Hello, I am working on a project that is examining the causes of bottlenecks in the trucking sector. To start, I am trying to compile some summary evidence about what sectors individuals are coming from when they switch to a trucking occupation (occ==9130 or occ==9600), what sectors they are moving into when they leave a trucking occupation, and what the proportion of stayers (i.e. people staying in a trucking occupation) are. So far, I have classified non-trucking individuals as working in broad sectoral groups according to occ code groups similar to Phares and Balthrop (2021). Anyhow, long story short is that when I compare the cross sectional ASEC samples to the longitudinal ASEC samples, conditional on individuals being movers (i.e. either entering or exiting trucking) I get similar results in terms of the absolute number of respondents and the share of movers entering and exiting trucking from each sector, but I get big differences in the number and share of stayers, and I am trying to figure out why that is the case, as this could dramatically impact my empirical results. With the longitudinal samples, it is relatively straightforward to identify the stayers as I simply classify them as having a trucking occupational code in both periods using the occ_1 and occ_2 variables With the cross sectional samples, my approach was to drop all the individuals with the cpsidp code of 0 (so that I can drop the individuals in the ASEC oversample and use just the individuals that can be matched to the basic March sample and can be matched year over year) and then set the data set as a panel using the cpsidp variable as the cross sectional identifier and the mish variable as the time variable. Then I classify individuals as stayers if they have the same occ trucking code in mish= t and mish==t + 4 or in mish=t - 4 and mish=t as that should identify individuals who are sampled exactly one year apart, right? I can see why using the cross sectional sample would inflate the total number of respondents, as is includes additional people year over year as individuals are being compared in years t-1, t, and t+1, but it is unclear to me why I get roughly the same amount of movers using both samples while the number of stayers is roughly double when I use the cross sectional samples. Can somebody please explain to me why this is happening? I can provide my Stata code if that would help. Thank you for your time.
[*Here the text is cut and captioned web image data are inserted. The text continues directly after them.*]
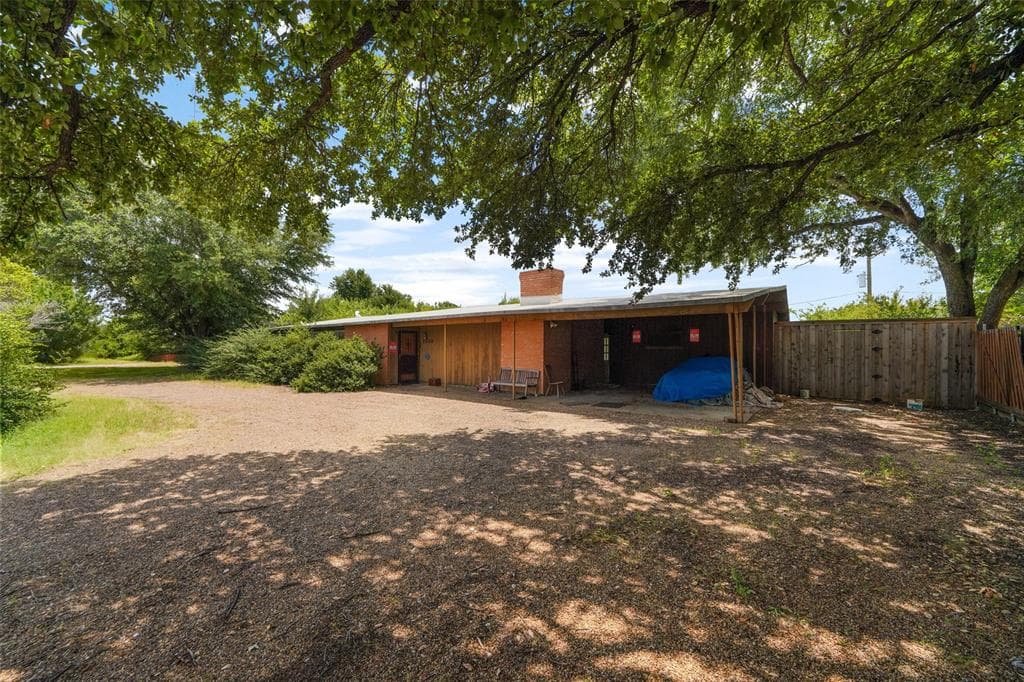 3650 Walnut Hill Ln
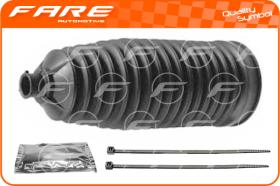 FARE K14564 - KIT FUELLE DIR. DEL. FIAT ULISSE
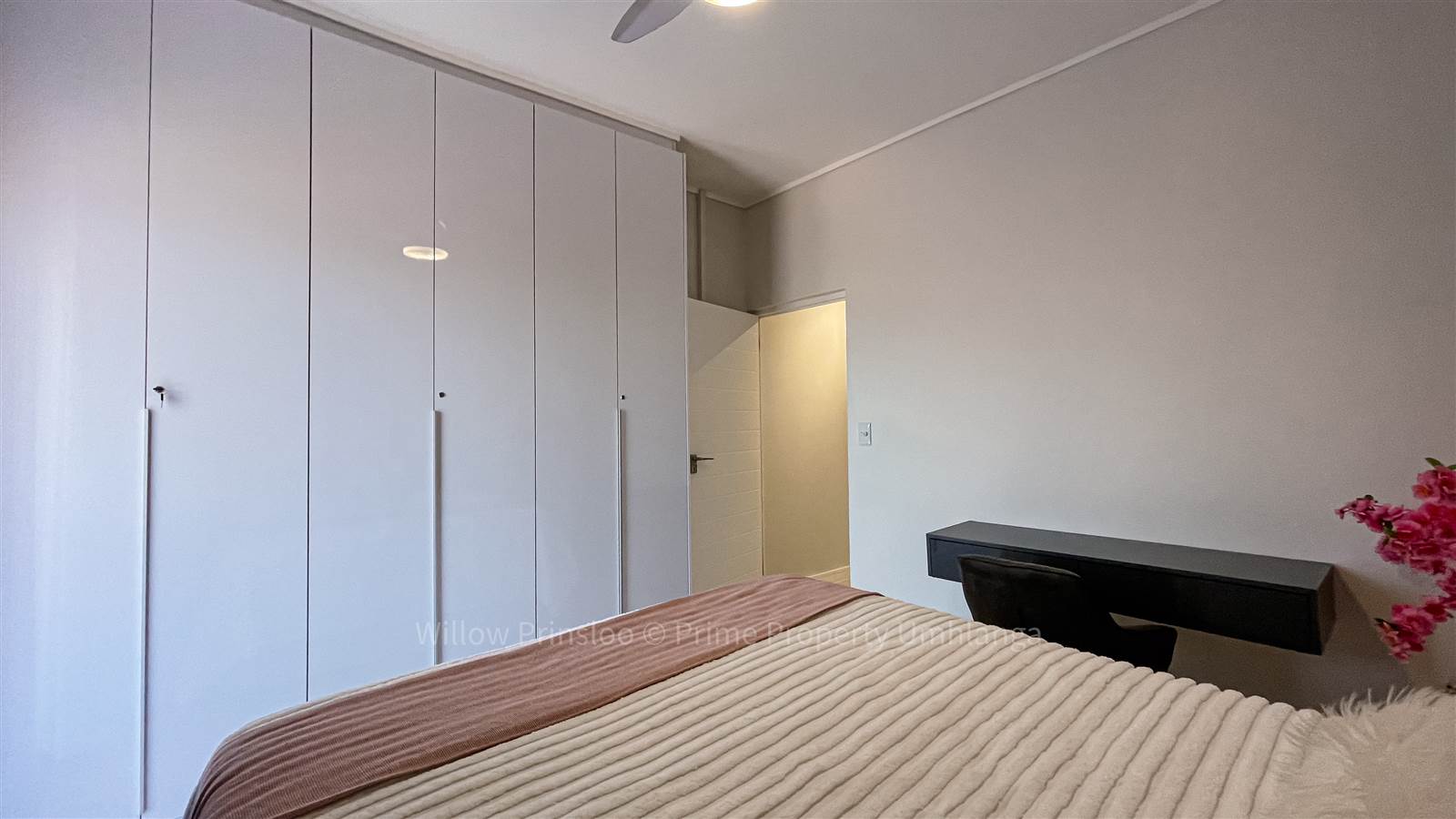 3 Bed Apartment in Izinga Estate photo number 20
I just calculated these rates using the 2018-2019 ASEC samples both as cross-sectional and longitudinal extracts. I found exactly the same results using both methods. See the table below for what I calculated (note this is unweighted): trucker_1=1 or trucker_2=1 indicate that an individual had a trucking occupation in period 1 or 2, respectively. I think the important thing to consider is that the 2018-2019 longitudinal sample (for example) only contains individuals who were in both the 2018 and 2019 ASEC. To replicate this using the cross sectional data, you need to drop everyone with CPSIDP=0 and also everyone who has data for only one of the years . I’ve pasted an example of my code making this calculation with the cross-sectional data.
drop if cpsidp==0
sort cpsidp year
by cpsidp (year): gen obs=_n
by cpsidp (year): egen numobs=max(obs)
drop if numobs==1
gen trucker_1 = obs==1 & (occ==9130 | occ==9600)
gen trucker_2 = obs==2 & (occ==9130 | occ==9600)
by cpsidp (year): replace trucker_2 = trucker_2[2] if _n==1
tab trucker_1 trucker_2 if obs==1, m